_REQUIRED WORK_: Lines containing the word "with" are to be copied from the data below.

_PROVIDED ENTRIES_:
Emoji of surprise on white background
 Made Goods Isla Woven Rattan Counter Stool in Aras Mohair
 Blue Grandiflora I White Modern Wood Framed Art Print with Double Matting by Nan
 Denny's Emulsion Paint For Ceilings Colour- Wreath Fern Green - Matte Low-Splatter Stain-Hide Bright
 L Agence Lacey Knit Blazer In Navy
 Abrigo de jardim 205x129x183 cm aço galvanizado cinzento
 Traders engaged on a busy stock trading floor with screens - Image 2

_SOLUTION TO THE EXERCISE_:
 Blue Grandiflora I White Modern Wood Framed Art Print with Double Matting by Nan
 Traders engaged on a busy stock trading floor with screens - Image 2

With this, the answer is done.